* PROVIDED MATERIAL:
· · · · · · ·
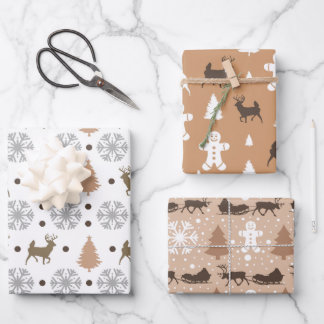 Modernes Braun- und Weißwinterdesign Geschenkpapier Set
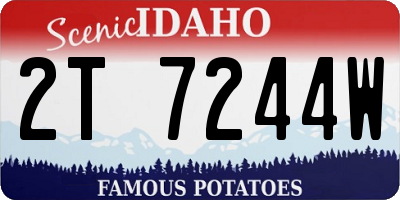 ID license plate 2T7244W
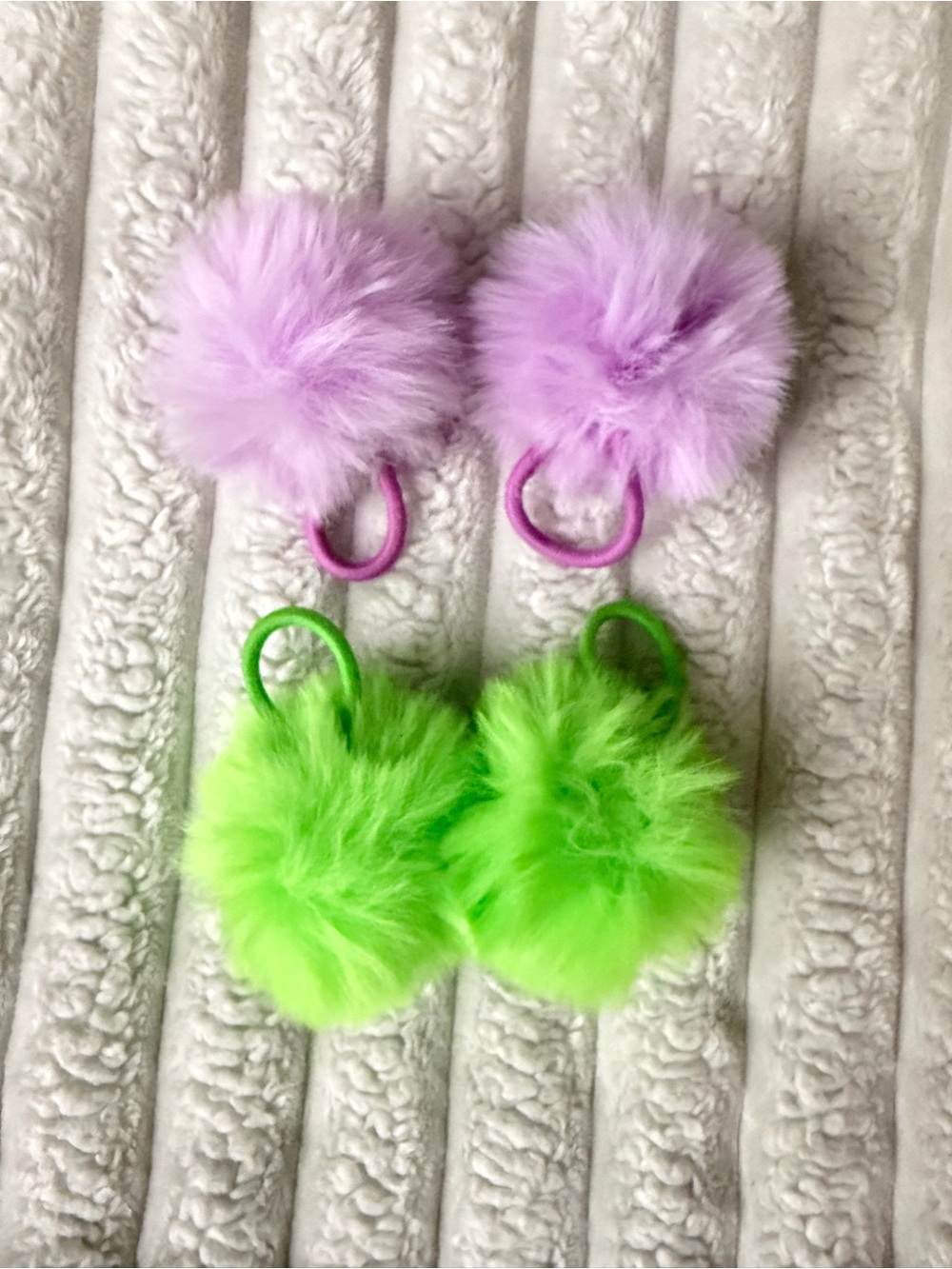 iHeartRaves Poofy Hair Ties - Purple and Neon Green (2 Pairs)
· · · · · · ·
* DESCRIPTION OF THE TASK: Exclude every image and return the material above exactly.

* RESPONSE AREA:
 Modernes Braun- und Weißwinterdesign Geschenkpapier Set
 ID license plate 2T7244W
 iHeartRaves Poofy Hair Ties - Purple and Neon Green (2 Pairs)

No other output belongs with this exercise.